The problem
In the data that follows, find the line with "222 Fifth Cleremont"; transcribe it, every later line up to the one with "کابل دیتا USB", and that line as well, exactly and with no others.

Short descriptive text snippets
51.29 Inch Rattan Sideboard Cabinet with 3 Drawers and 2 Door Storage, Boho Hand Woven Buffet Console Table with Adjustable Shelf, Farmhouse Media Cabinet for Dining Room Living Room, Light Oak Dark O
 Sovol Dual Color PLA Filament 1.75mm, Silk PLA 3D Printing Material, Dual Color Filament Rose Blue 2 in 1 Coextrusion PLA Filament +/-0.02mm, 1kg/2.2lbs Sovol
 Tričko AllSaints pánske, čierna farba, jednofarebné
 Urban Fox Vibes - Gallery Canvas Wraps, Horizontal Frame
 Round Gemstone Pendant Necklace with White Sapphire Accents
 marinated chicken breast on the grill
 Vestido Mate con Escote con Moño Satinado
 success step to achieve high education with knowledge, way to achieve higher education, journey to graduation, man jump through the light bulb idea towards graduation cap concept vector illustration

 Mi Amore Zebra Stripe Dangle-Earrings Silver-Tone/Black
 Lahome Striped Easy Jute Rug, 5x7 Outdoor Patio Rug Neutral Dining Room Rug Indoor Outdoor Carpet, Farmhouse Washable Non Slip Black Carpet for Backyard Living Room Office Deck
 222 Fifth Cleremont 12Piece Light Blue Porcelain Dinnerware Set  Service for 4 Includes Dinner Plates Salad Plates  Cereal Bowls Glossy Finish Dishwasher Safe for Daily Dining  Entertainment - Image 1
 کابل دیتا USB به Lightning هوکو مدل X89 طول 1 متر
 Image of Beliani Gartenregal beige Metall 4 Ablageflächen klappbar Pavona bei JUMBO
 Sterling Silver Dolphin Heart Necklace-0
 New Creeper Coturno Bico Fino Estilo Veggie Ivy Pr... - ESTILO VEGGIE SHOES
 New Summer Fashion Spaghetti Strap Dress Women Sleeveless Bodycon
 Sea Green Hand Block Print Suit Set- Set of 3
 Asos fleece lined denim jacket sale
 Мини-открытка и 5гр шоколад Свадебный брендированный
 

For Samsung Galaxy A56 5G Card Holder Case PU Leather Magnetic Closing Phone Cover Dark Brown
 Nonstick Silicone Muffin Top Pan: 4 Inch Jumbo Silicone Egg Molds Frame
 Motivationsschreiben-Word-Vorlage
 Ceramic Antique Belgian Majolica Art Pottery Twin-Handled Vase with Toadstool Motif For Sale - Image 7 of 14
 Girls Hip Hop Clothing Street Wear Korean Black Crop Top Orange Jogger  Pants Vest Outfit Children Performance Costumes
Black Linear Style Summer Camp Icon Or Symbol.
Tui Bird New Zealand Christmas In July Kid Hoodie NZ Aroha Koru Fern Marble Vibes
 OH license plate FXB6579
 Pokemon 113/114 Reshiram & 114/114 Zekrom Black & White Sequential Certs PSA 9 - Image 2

Result below
 222 Fifth Cleremont 12Piece Light Blue Porcelain Dinnerware Set  Service for 4 Includes Dinner Plates Salad Plates  Cereal Bowls Glossy Finish Dishwasher Safe for Daily Dining  Entertainment - Image 1
 کابل دیتا USB به Lightning هوکو مدل X89 طول 1 متر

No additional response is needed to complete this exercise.